Tier 2 options provide significant benefits and are recommended.

Tier 3 options are less desirable. However, hydroelectricity, which was ranked ahead of coal-CCS and nuclear with respect to climate and health, is an excellent load balancer, thus recommended.

The Tier 4 combinations (cellulosic- and corn-E85) were ranked lowest overall and with respect to climate, air pollution, land use, wildlife damage, and chemical waste. Cellulosic-E85 ranked lower than corn-E85 overall, primarily due to its potentially larger land footprint based on new data and its higher upstream air pollution emissions than corn-E85.

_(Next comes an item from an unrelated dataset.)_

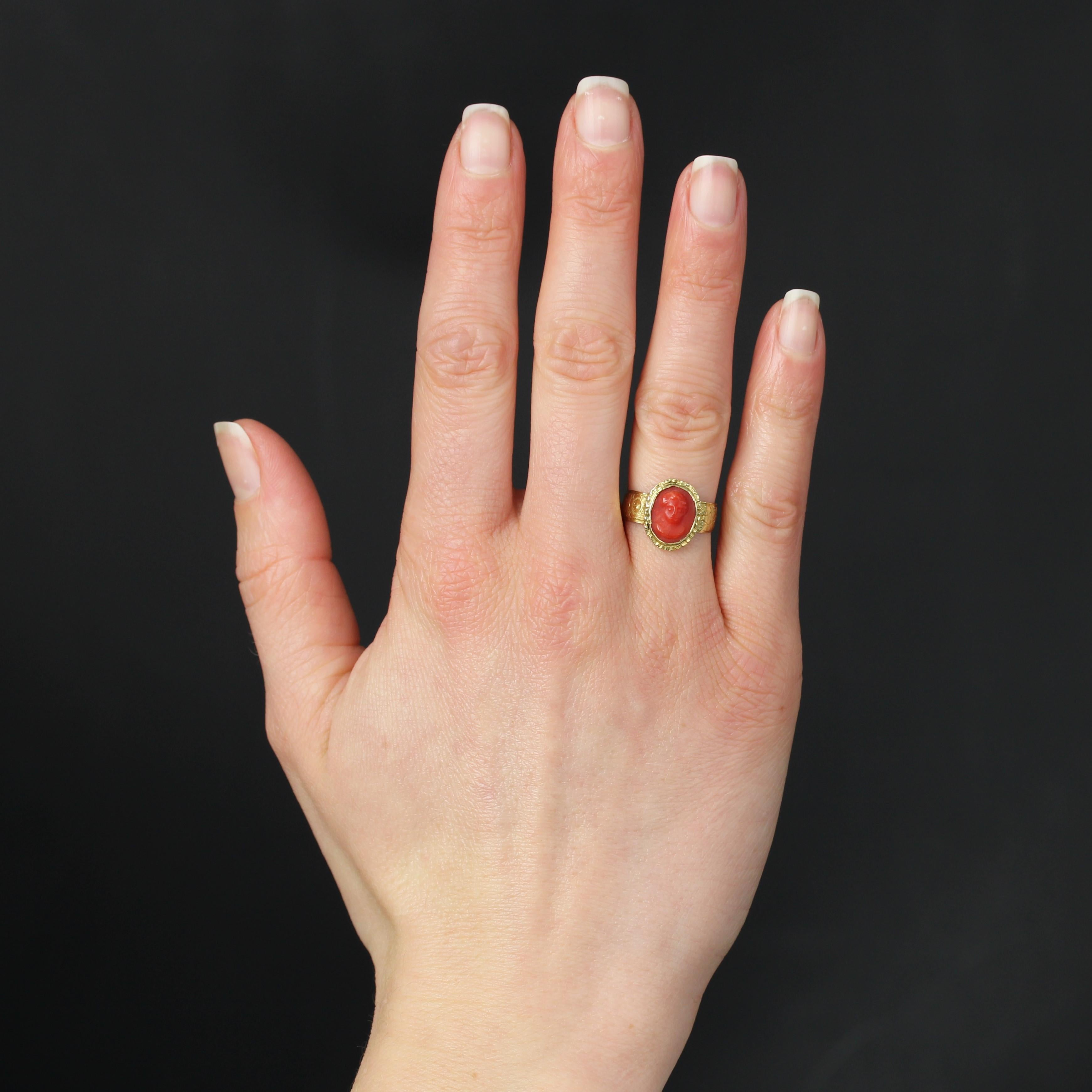 Ring in 18 karat yellow gold.
A charming antique ring in yellow gold, its band is engraved with floral motifs on either side of the opening and the head is adorned with a cameo on coral representing a child's face. Small chasing details surround the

Whereas cellulosic-E85 may cause the greatest average human mortality, nuclear-BEVs cause the greatest upper-limit mortality risk due to the expansion of plutonium separation and uranium enrichment in nuclear energy facilities worldwide. Wind-BEVs and CSP-BEVs cause the least mortality.

The footprint area of wind-BEVs is 2–6 orders of magnitude less than that of any other option. Because of their low footprint and pollution, wind-BEVs cause the least wildlife loss.

The largest consumer of water is corn-E85. The smallest are wind-, tidal-, and wave-BEVs.

The US could theoretically replace all 2007 onroad vehicles with BEVs powered by 73000–144000 5 MW wind turbines, less than the 300000 airplanes the US produced during World War II, reducing US CO2 by 32.5–32.7% and nearly eliminating 15000/yr vehicle-related air pollution deaths in 2020.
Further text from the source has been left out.